Instruction for the entries below: return the part that opens with the line containing "Ecco Mx M Low" and closes with the line containing "Portugal, Alentejo, Castelo", exactly, and no pictures.

DATA FOR THIS EXERCISE>
--- START ---

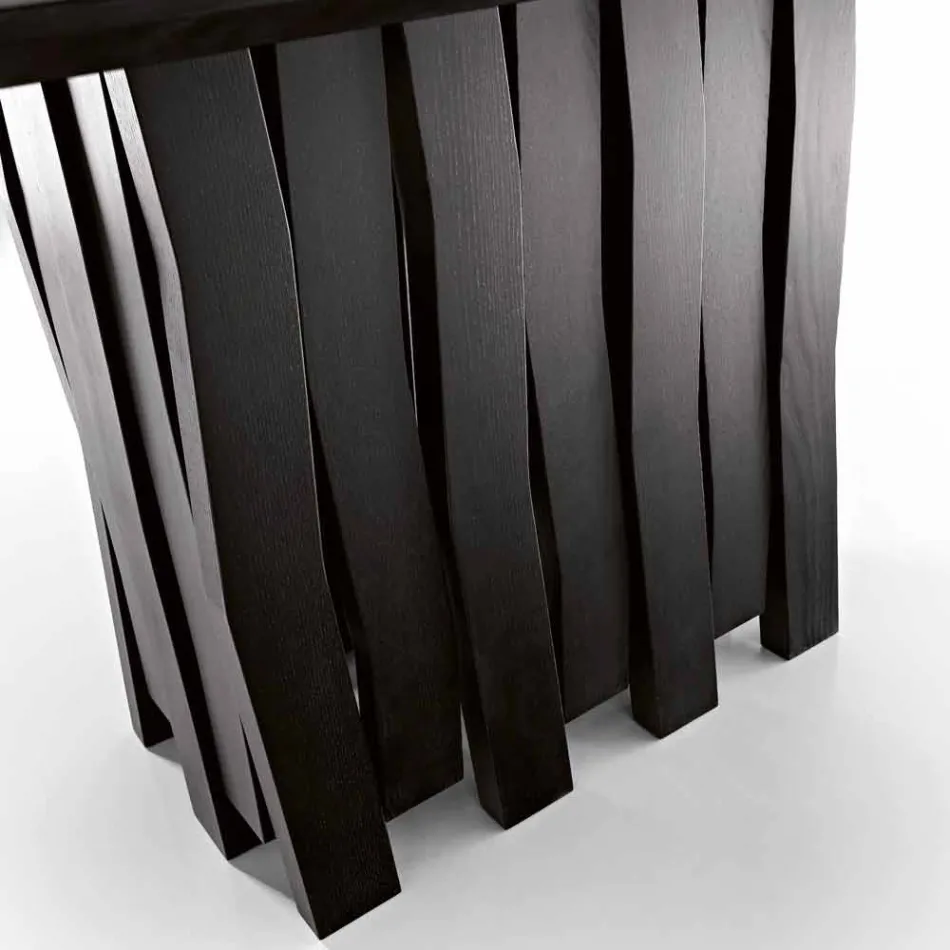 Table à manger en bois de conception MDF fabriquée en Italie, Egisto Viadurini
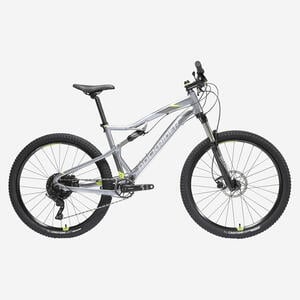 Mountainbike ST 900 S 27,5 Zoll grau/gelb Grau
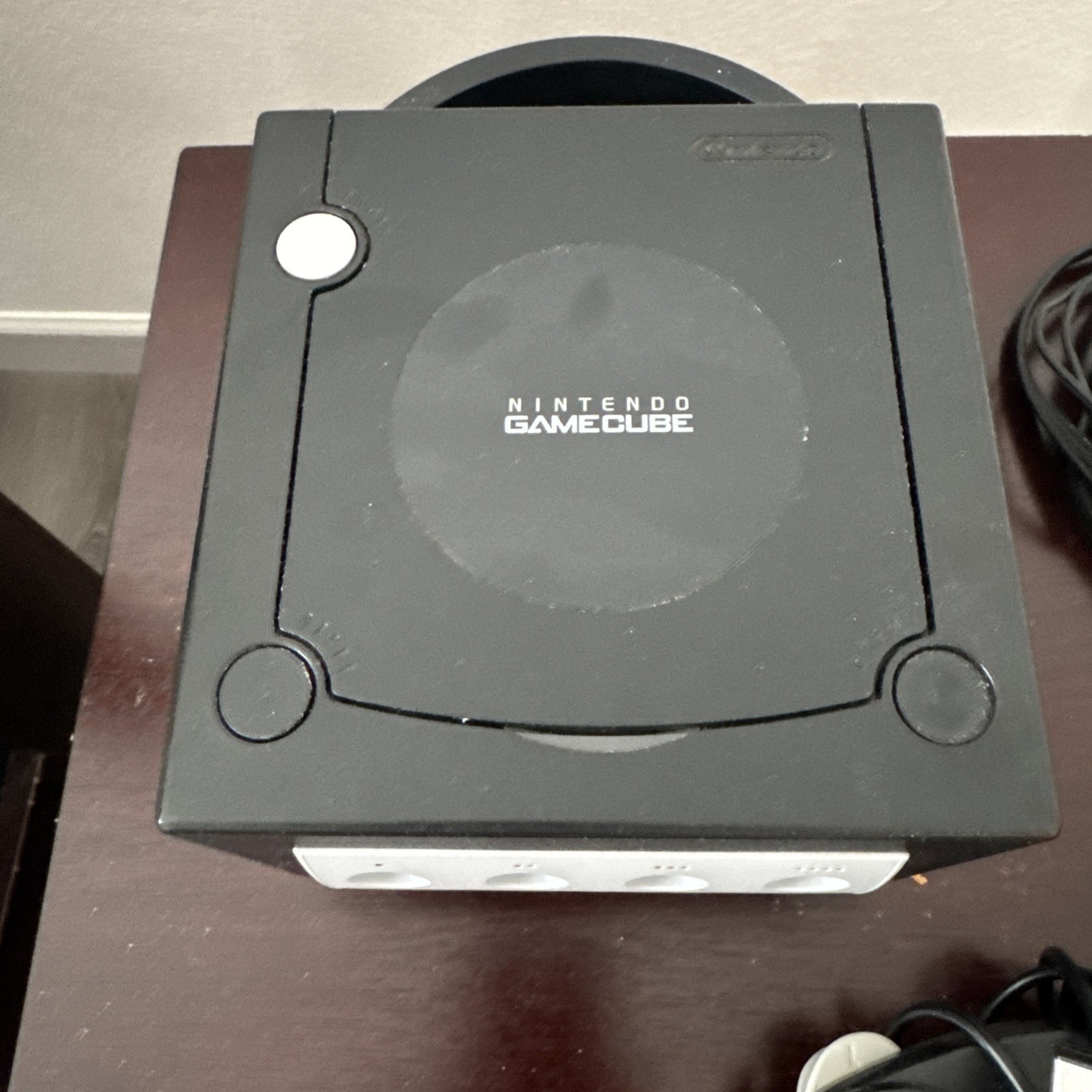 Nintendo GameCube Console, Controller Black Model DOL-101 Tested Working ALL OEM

--- END ---
--- START ---

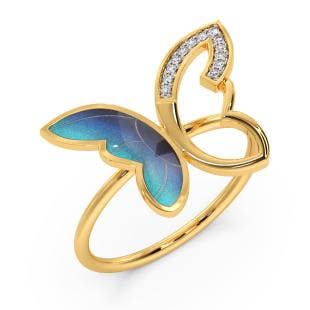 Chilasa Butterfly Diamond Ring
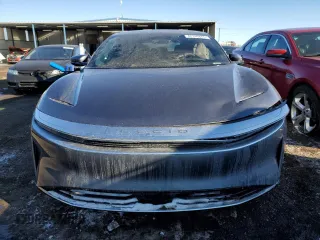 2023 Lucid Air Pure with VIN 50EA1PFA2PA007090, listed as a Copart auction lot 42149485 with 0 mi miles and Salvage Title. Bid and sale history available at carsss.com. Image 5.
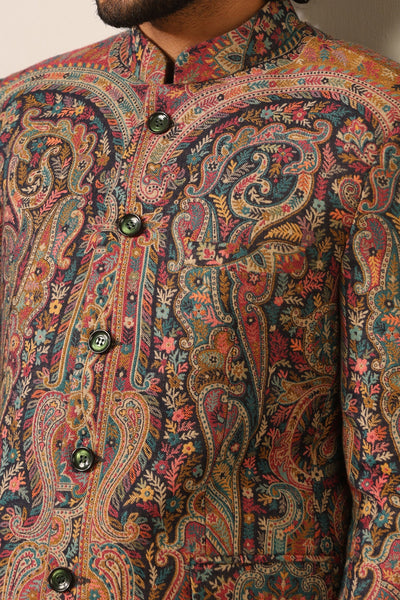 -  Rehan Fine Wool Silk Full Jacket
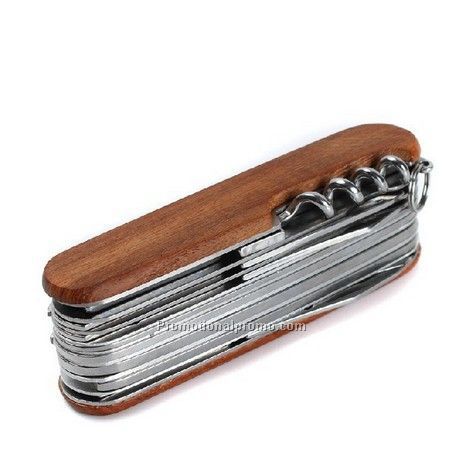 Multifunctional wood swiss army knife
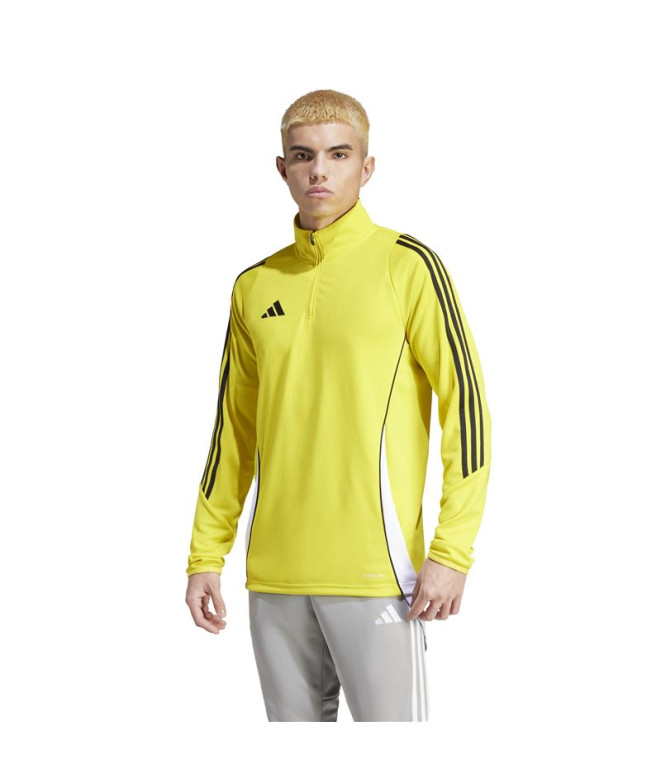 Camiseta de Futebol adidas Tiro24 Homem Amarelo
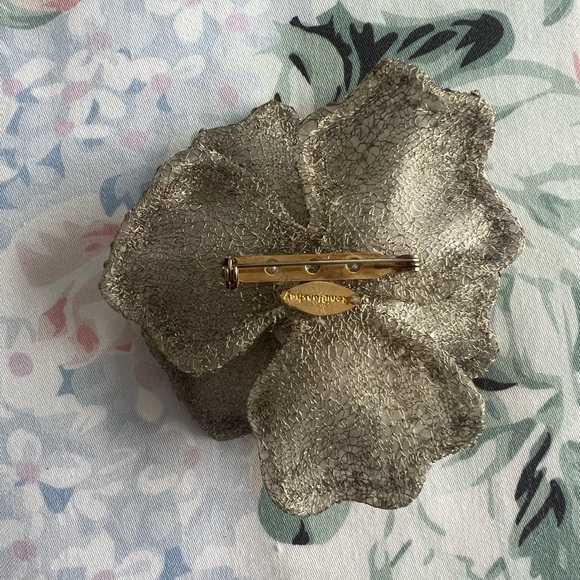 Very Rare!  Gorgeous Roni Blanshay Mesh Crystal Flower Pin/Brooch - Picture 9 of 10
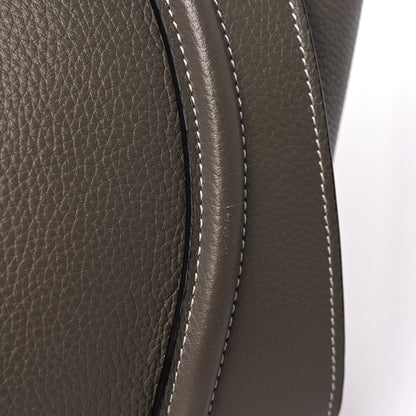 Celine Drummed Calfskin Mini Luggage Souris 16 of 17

--- END ---
--- START ---

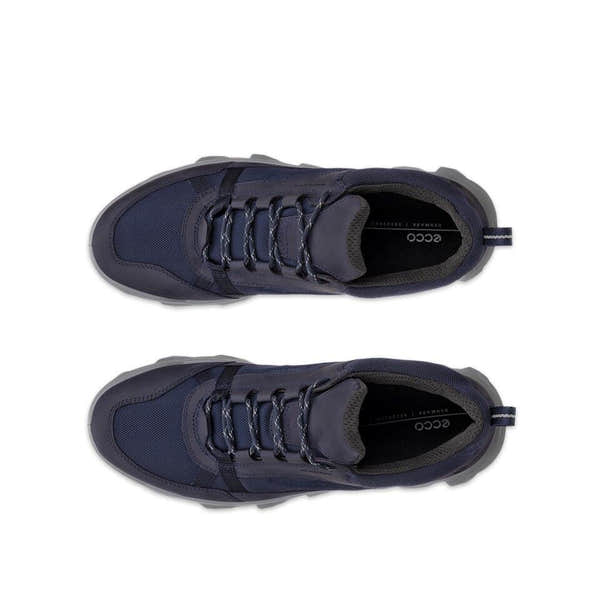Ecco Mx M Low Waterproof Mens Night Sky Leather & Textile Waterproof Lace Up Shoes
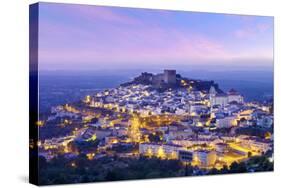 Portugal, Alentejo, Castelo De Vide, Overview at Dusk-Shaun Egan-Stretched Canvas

--- END ---

YOUR RESPONSE>
Ecco Mx M Low Waterproof Mens Night Sky Leather & Textile Waterproof Lace Up Shoes
 Portugal, Alentejo, Castelo De Vide, Overview at Dusk-Shaun Egan-Stretched Canvas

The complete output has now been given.